Legendary artist Pak returns with his first piece since The Merge. Sort of.
Created for the Alotta Money Tribute & Charity Auction, 404 delves into the profound theme of absence and loss. This piece is a unique exploration of the emotional void left by those no longer with us, juxtaposed against the backdrop of the digital realm.
What is 404?
The piece is intentionally designed to return no metadata, a deliberate nod to the ones we’ve lost, those who are now “not found.” Just as we notice the void left by their absence in our lives, this artwork makes that absence tangible in the digital world.
The concept revolves around the idea that the most profound feelings can be evoked not just by what is present, but also by what is conspicuously missing.

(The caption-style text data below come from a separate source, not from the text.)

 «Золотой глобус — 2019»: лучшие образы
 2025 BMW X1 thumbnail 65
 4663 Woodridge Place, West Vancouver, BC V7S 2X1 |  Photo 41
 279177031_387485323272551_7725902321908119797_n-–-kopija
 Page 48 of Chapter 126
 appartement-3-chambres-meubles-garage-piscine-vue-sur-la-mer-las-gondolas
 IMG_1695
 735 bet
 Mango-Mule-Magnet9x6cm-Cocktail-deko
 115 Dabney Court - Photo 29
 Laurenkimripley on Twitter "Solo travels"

- Metadata Status: Absent. When queried, the NFT doesn’t provide the typical title, description, or image, thus embodying the entire theme of something vital being missing.

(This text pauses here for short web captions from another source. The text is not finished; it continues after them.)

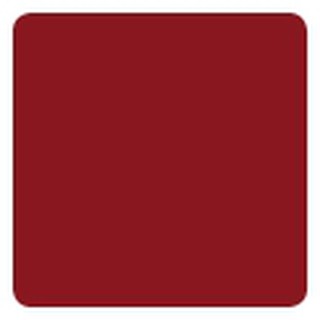 Mực xăm Eternal Crimson Red 30ml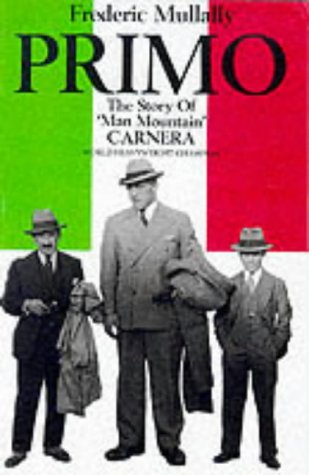 Primo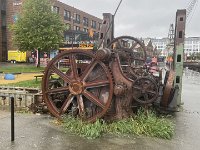 IMG 9716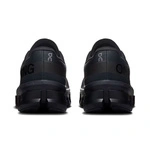 On CLOUDMONSTER 1 Black-Black 3MF30740553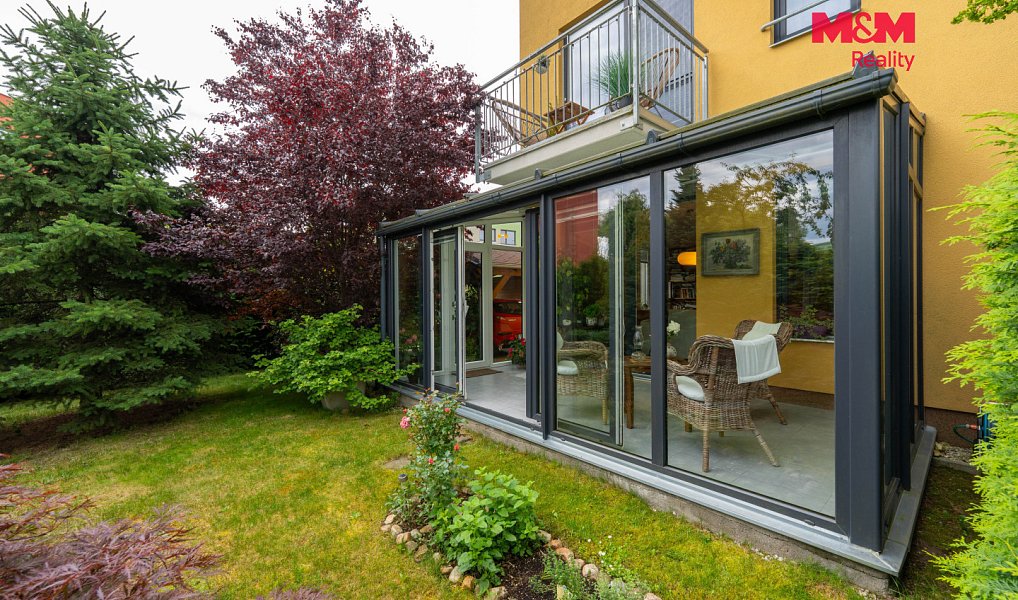 Prodej bytu 3+kk 63 m², Včelná – náhled fotky 5
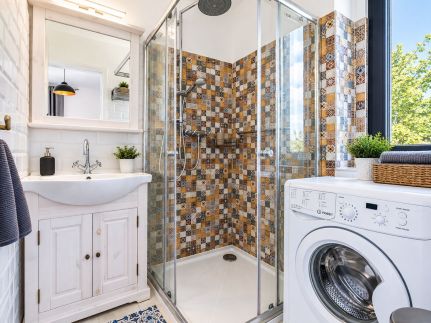 Kankalin Apartments – Szentendre fotó 9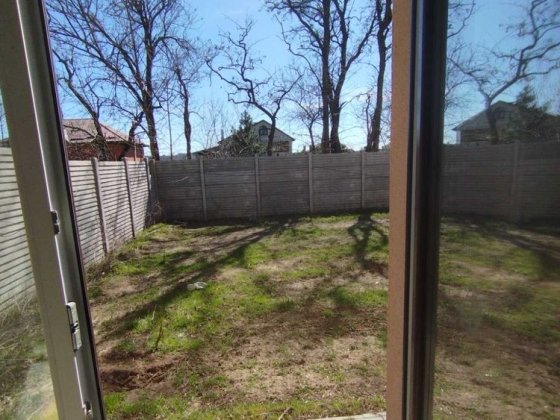 Таунхаус бородинський мкрн Запорожье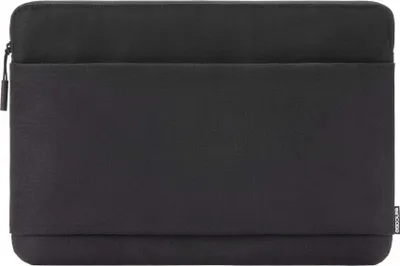 Obrázok produktu pre Incase INMB100744-BLK, Puzdro, 40,6 cm (16")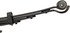 90-363HD by DORMAN - Suspension Leaf Spring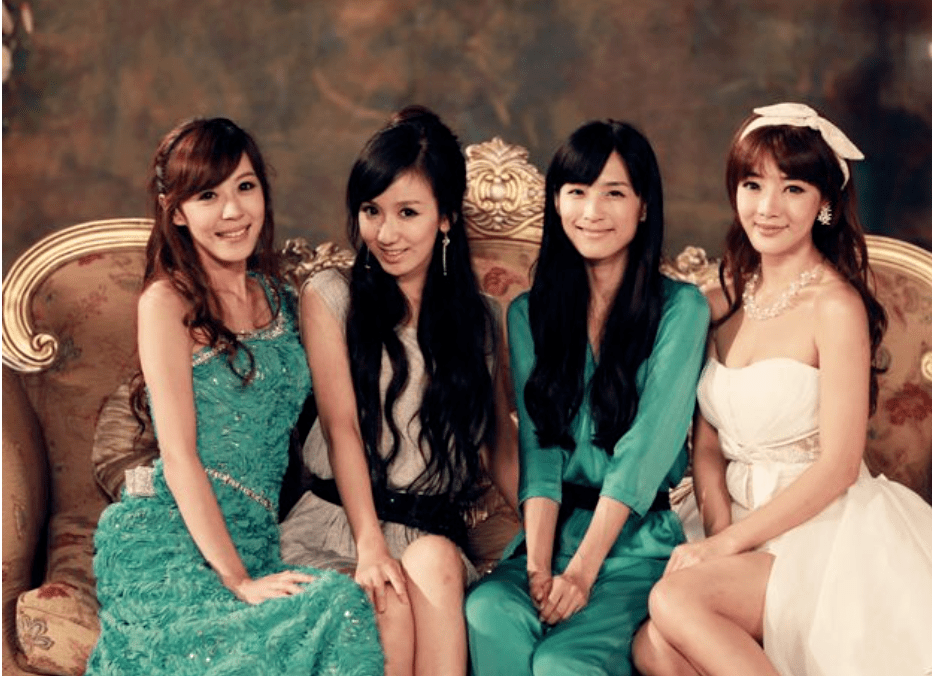 叶问|《爱情公寓》“林宛瑜”再复出？曾因生病遭网暴退圈11年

- Contract Behavior: The contract is deliberately crafted to give a “Not Found” or “404” error for the metadata, reinforcing this concept of absence.
- Token Existence: Despite the lack of metadata, the token itself will still exist on the blockchain, mirroring the enduring impact and presence of those we’ve lost, even in their absence.

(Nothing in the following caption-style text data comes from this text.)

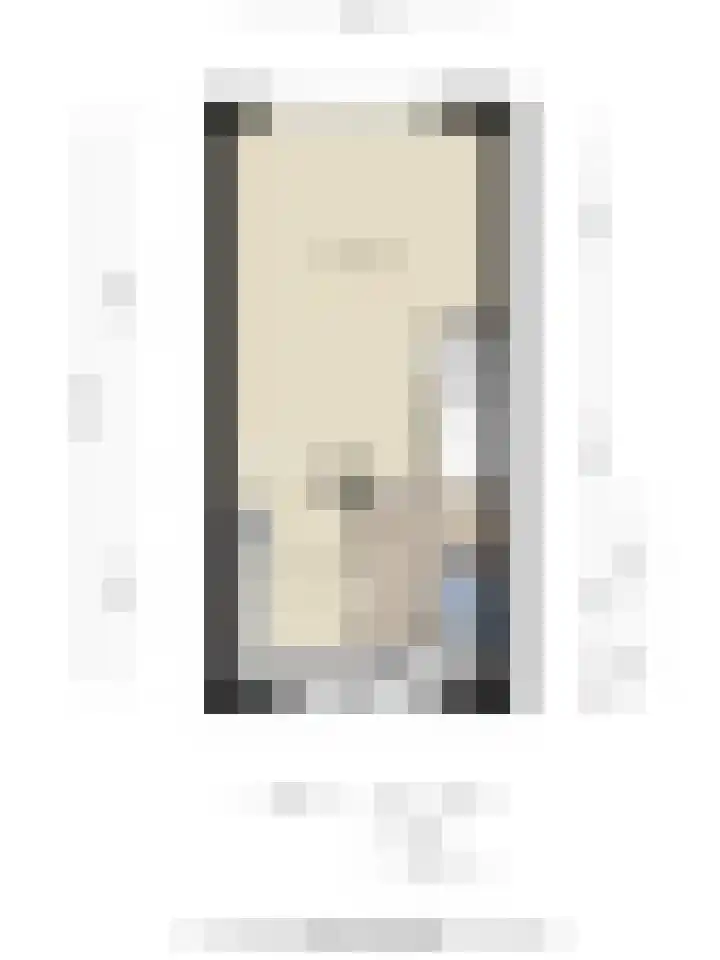 Gouwe 1 Assen thumbnail 25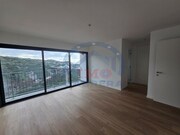 Moradia T3 - C�mara de Lobos, C�mara de Lobos, Ilha da Madeira - Miniatura: 7/9
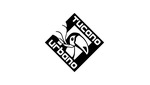 TUCANO URBANO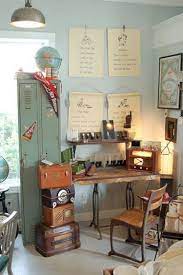 47 Fabulous Vintage Decoration Ideas For Most Beautiful Homes Homedecor Homedecorideas Decoration Home Decor Vintage Industrial Decor Vintage Room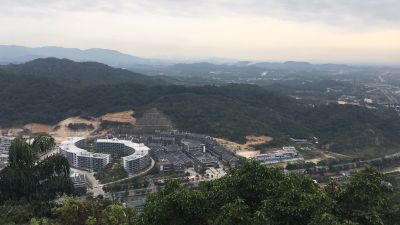板式家具安装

“The message I’ve chosen to return instead of the metadata is “In memory of the absent,” encapsulating its essence in a way that transcends language and resonates universally.” — Pak
What does any of this mean?
The token will intentionally look broken in all marketplaces. There is no metadata, and technically, there is no title of the token, image of the token, description of the token, or anything of the sort. However, the token on the contract will be token #404, so platforms will have to render it as 404.
In other words, 404 is the only token that exists on this contract, that returns a string message rather than a string metadata url. Every other token (that does not exist) returns “404.”
Q&A With PAK
PAK: The concept of Absence and Presence has always intrigued me. The theme of ‘presence through absence’ was something that frequently surfaced, especially in light of the recent events surrounding Alotta Money. So, I could say one of my inspirations was the representation or acknowledgment of absence. That tweet from 2016 encapsulates the duality of these concepts and serves as a reminder of the continuous exploration of these themes throughout my journey.
Q: What was the most challenging aspect of developing this project?
PAK: Solidifying the concept was undeniably the most challenging aspect. From the outset, my aim was to emphasize absence. Initially, I approached this piece as an NFT that would autonomously change itself at specific dates. As the concept evolved, it began from a simple idea and progressed into a more complex structure, integrating contract-level mechanisms that offered different visuals daily. Yet, eventually, I realized that perhaps the real challenge was to represent absence with another form of absence. It felt right.
Q: Is there potential for this NFT to evolve at some point? While it is absent of metadata now, could metadata potentially be present in the future?
PAK: Technically, the metadata contract, which currently returns the string “In memory of the absent,” can always be altered. Whether this technical possibility translates into a conceptual need in the future remains to be seen.
Q: What do you think a collector should do with this, once they own it?
PAK: Ownership is an intriguing concept. What does one truly own when they possess something? What does ownership even mean?
Q: What is the impact that you want this project to have on the NFT community? How do you want it to be perceived?
PAK: In this medium, I’ve consistently championed the notion that the token is not the image it holds. Long-time followers of my body of work will already recognize this approach. For others, I hope this serves as an ‘aha moment’ to see beyond the conventional understanding of digital tokens.
Q: Do you think there are technical components of this project that would be interesting to apply more generally?
PAK: All contracts, including this one, are quite primitive. It’s less about the technical and more about the conceptual for me. I believe there’s a need for more unconventional ideas. Most are content to simply draw on the paper provided to them. Yet, so much more can be done with that same paper. We need to bend the medium to our will.